参考原文:http://me.ivydom.com/archives/python-zhihudaily.html

原代码如下:

import urllib.request as http
import json
import re

class APIMgr:
    def __init__(self):
        self.apiLatest='http://news-at.zhihu.com/api/3/news/latest'
        self.apiBefore='http://news.at.zhihu.com/api/3/news/before/'
        self.apiID='http://news-at.zhihu.com/api/3/news/'

        self.user_agent = 'Mozilla/4.0 (compatible; MSIE 5.5; Windows NT)'
        self.headers = { 'User-Agent' : self.user_agent }

    def access(self,url):
        self.req=http.Request(url,headers=self.headers)
        self.fp=http.urlopen(self.req)
        self.mybytes=self.fp.read()
        self.mystr=self.mybytes.decode("utf8")
        self.fp.close()
        return json.loads(self.mystr)
    def getLatestNews(self):
        return self.access(self.apiLatest)
    def getBeoreNews(self,date):
        return self.access(self.apiBefore+date)
    def getAssignedNews(self,id_):
        return self.access(self.apiID+id_)
    def parse(self):
        return json.loads(self.a)

class NewsMgr:
    def __init__(self,newsData):
        self.data=newsData
    def getType(self):
        return self.data['type']
    def getID(self):
        return self.data['id']
    def __repr__(self):
        return self.data

class SingleNews(NewsMgr):
    def  __init__(self,apimgr,id_):
        NewsMgr.__init__(self,apimgr.getAssignedNews(id_))
    def getImages(self):
        return self.data['image']
    def getTitle(self):
        return self.data['title']
    def __len__(self):
        return len(self.getBody())
    def getImageSource(self):
        return self.data['date']
    def getGaOrefix(self):
        return self.data['ga_prefix']
    def getBody(self):
        return self.data['body']
    def getShareUrl(self):
        return self.data['share_url']
    def getCSS(self):
        return self.data['css'][0]

class AllDateNews(NewsMgr):
    def __init__(self,apimgr,date=''):
        if len(date)==0:
            self.preData=apimgr.getLatestNews()
            NewsMgr.__init__(self,self.preData['stories'])
        elif self.dateIsLegal(date):
            self.preData=apimgr.getBeforeNews()
            NewsMgr.__init__(self,self.preData['stories'])
        else:
            raise 'DateError:date is not legal'
    def getImages(self):
        return self.data[0]['images'][0]
    def getNewsNum(self):
        return len(self.data)
    def getDate(self):
        return self.preData['date']
    def getStories(self):
        return self.data
    def __len__(self):
        return self.getNewsNum()
    def dateIsLegal(self,date):
        return re.match(r'(?!0000)[0-9]{4}[0-9]{4}',date)
    def getTitle(self,index):
        return self.data[index]['title']
    def getID(self,index):
        return self.data[index]['id']

if __name__=='__main__':
    apimgr=APIMgr()
    print('-'*100)
    print('知乎日报ID为4497219的文章题目是:')
    single=SingleNews(apimgr,'4497219')
    print('    ',single.getTitle())
    print('知乎日报ID为4497219的图片地址是:')
    print('    ',single.getImages())
    print('-'*100)
    allnews=AllDateNews(apimgr)
    print('今日的知乎日报消息有:',len(allnews),'条')
    for index in range(len(allnews)):
        print('    标题:',allnews.getTitle(index),'ID:',allnews.getID(index))

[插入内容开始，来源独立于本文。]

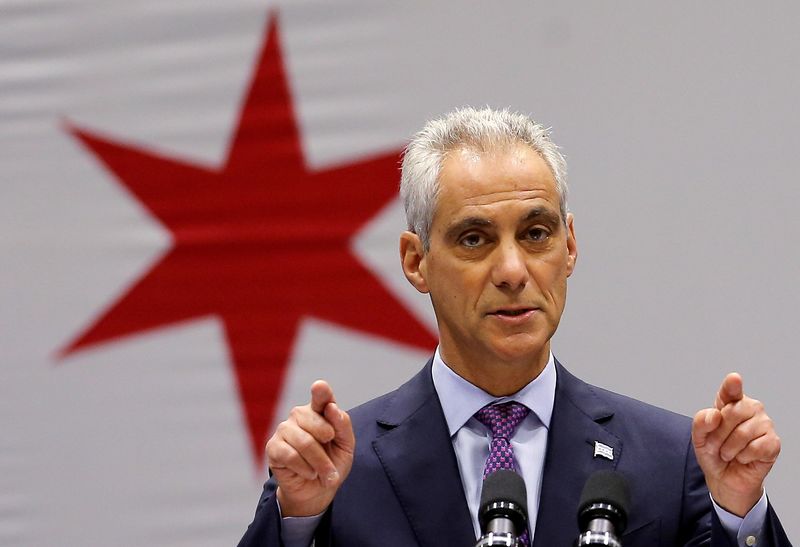 © Reuters. File photo of Chicago Mayor Rahm Emanuel delivering a speech in Chicago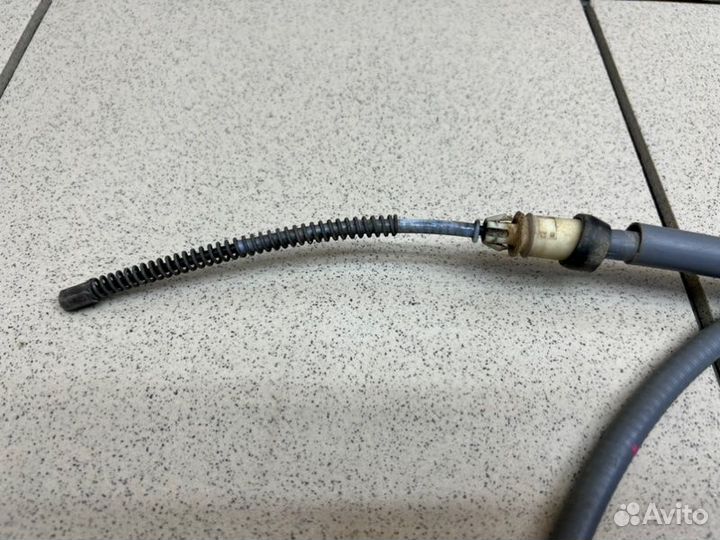 Трос стояночного тормоза Renault Logan K7MA812 1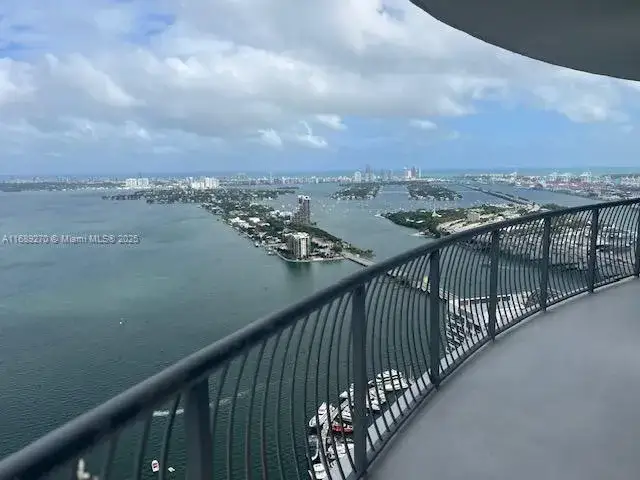 1 bedroom 1 bath Residential for sale at 1750 N Bayshore Dr, Miami FL 33132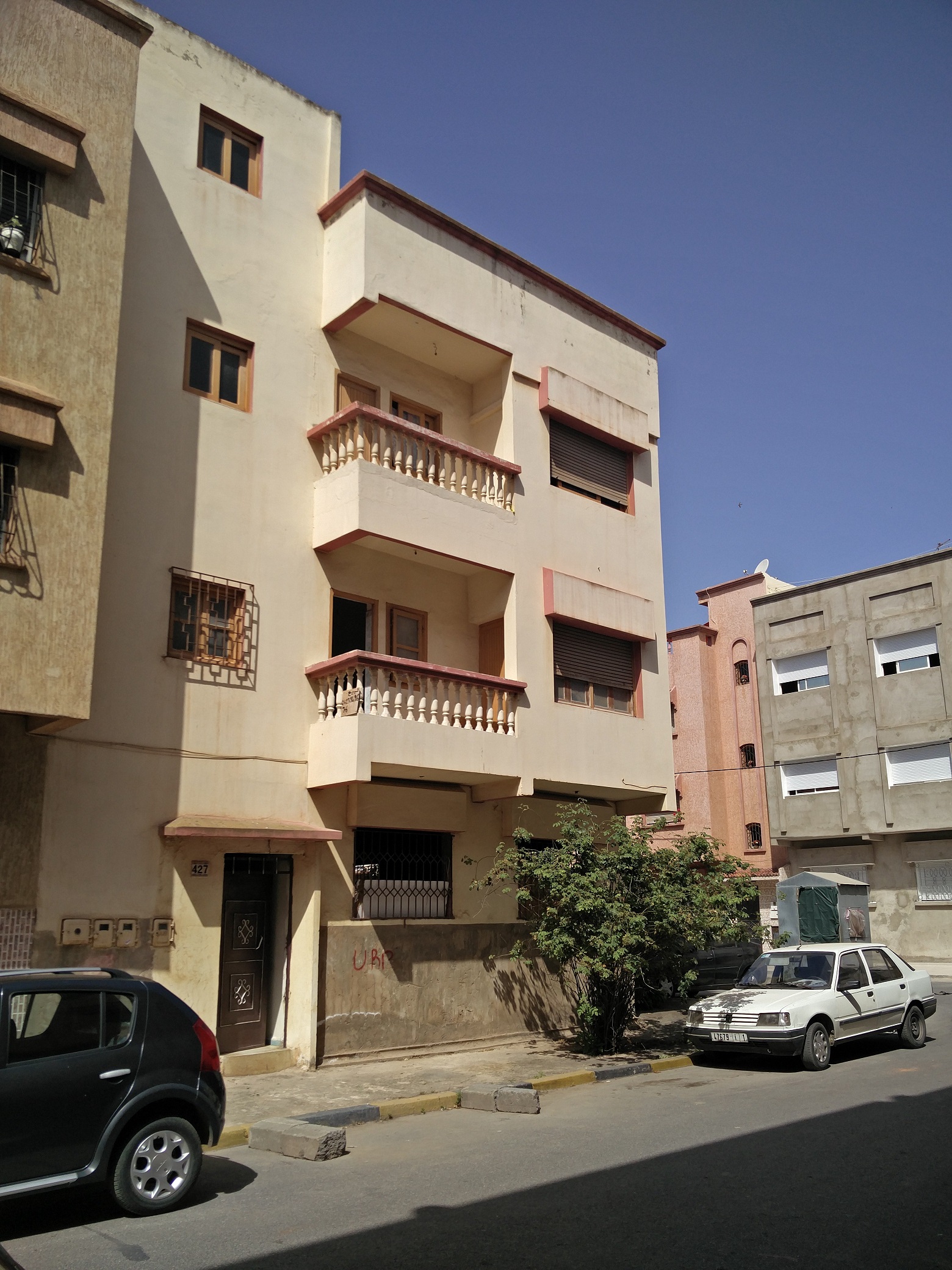 Maison de 85m R+2 - 2 Facades - Sale', Hay Amal, Arsat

为了便于学习和理解,我们对所有代码都加了注释说明,如下:

import urllib.request as http 
#导入urllib库中的request模块,且使用别名http
#urllib提供了一系列用于操作URL的功能,request模块可以方便地抓取URL内容

import json 
#导入json模块

import re 
#导入re模块,提供对正则表达式的支持

class APIMgr:
#创建名称为APIMgr的类用来管理和访问知乎日报API,类名通常都是大写开头的单词

    def __init__(self):
    #定义__init__方法
    #对于python中的方法和函数一个简单的理解是:在类中定义的函数称为方法
    #在类中定义的方法,第一个参数永远是self,且调用时,不需要传递该参数

        self.apiLatest='http://news-at.zhihu.com/api/3/news/latest'
        self.apiBefore='http://news.at.zhihu.com/api/3/news/before/'
        self.apiID='http://news-at.zhihu.com/api/3/news/'

        self.user_agent = 'Mozilla/4.0 (compatible; MSIE 5.5; Windows NT)'
        self.headers = { 'User-Agent' : self.user_agent }
        #知乎日报禁止了爬虫,因此要模拟浏览器访问

    def access(self,url):
        self.req=http.Request(url,headers=self.headers)
        #执行单次http请求
        #url:一个以http或https开头的资源定位符字串,必须是一个绝对的地址
        #headers:请求头信息

        self.fp=http.urlopen(self.req)
        #创建一个表示远程url的类文件对象,从而可以操作这个类文件对象来获取远程数据

        self.mybytes=self.fp.read()
        #read()是urlopen所创建的类下的一个方法

        self.mystr=self.mybytes.decode("utf8")
        #将参数串转为utf8编码

        self.fp.close()
        #关闭类文件对象

        return json.loads(self.mystr)
        #把json格式字符串解码转换成python对象

    #能力有限,下面的实在弄不懂了,等我学习一阵子再回来(如果我还记得的话...)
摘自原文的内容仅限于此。